This time of Lockdown and Social Distancing, due to COVID-19 is not easy. It can have a significantly negative impact on our mental, physical, and emotional health and wellbeing. Difficult conversations are being had, isolation and loneliness are really tough and it’s particularly hard that we don’t know how long this period may last.
In this video, I share some ideas of the kind of things that can help us stay well. It’s by no means an exhaustive list, but hopefully helps us think about how we can stay well individually whilst also looking out for our neighbours. None of this is easy, but whilst we’re staying home to suppress the virus, stop the spread and give our health (and other front line) services the best chance of caring for people, we need to ensure we stay healthy and well, whilst building our strength and resilience. Together we can!
My friend, Dr Sammy Batt-Rawden knows only too well the dangers of just keeping her chin up and carrying on. In this beautiful, but heart-wrenching TEDx talk, she tells her story.

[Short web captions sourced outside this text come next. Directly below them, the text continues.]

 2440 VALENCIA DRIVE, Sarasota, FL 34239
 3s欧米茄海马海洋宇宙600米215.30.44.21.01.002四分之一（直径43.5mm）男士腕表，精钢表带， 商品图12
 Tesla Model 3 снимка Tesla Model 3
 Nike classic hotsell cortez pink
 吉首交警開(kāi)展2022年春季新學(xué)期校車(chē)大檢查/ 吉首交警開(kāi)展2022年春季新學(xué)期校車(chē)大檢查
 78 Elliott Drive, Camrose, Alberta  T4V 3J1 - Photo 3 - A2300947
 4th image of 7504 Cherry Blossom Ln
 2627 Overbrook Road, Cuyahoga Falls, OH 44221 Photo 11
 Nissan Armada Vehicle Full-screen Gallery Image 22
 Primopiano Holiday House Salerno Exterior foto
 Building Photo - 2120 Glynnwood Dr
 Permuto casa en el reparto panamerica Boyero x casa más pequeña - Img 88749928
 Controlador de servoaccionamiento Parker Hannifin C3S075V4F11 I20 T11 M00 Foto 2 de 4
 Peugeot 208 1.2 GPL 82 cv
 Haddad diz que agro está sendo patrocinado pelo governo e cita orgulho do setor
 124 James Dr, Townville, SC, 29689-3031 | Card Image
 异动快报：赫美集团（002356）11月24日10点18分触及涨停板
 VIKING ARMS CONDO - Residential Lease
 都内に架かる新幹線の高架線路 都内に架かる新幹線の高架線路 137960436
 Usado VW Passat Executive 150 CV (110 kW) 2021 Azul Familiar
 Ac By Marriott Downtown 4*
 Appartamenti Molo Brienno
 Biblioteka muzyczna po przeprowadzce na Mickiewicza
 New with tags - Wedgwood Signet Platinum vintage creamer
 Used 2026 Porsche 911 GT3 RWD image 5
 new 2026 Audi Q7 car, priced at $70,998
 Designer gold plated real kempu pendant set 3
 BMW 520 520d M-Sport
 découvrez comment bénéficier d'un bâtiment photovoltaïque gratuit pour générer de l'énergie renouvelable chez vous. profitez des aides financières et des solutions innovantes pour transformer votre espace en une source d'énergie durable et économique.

Staff in the NHS (and indeed all our public services) are working against a tide of a huge rise in public demand, funding constraints and dangerously low staffing levels for what is required. The old edict to ‘keep calm and carry on’ simply misses the point. There isn’t a culture of shirking responsibility in the NHS. People are going way above and beyond every day, and it is taking it’s very real toll. Yes, we need to increasingly develop cultures of joy and kindness in how we work, but there must be determined change by leaders in the Government to ensure that the buck is not passed when it comes to who is responsible for ensuring the wellbeing of our clinical teams across the UK. Teams are already doing much to take care of each other and themselves, and yet staff surveys across the UK show that absenteeism is increasing, along with burnout and morale continues to decline. Do the maths!
Listen to Sammy’s story and let’s change the tone of the conversation so that we can work on practical solutions together. Those solutions will include everyone. Part of the solution lies with learning to work radically differently with our communities. Some of it lies within our choices of how we use the health service. There is of course work to do in how we care for people who work across the NHS and set good working patterns. But there is still much work to be done by those in power to think more carefully about where and how budgets are spent. The new spending plan for the NHS pays very little attention to safe staffing levels or staff development – it needs much more care and attention.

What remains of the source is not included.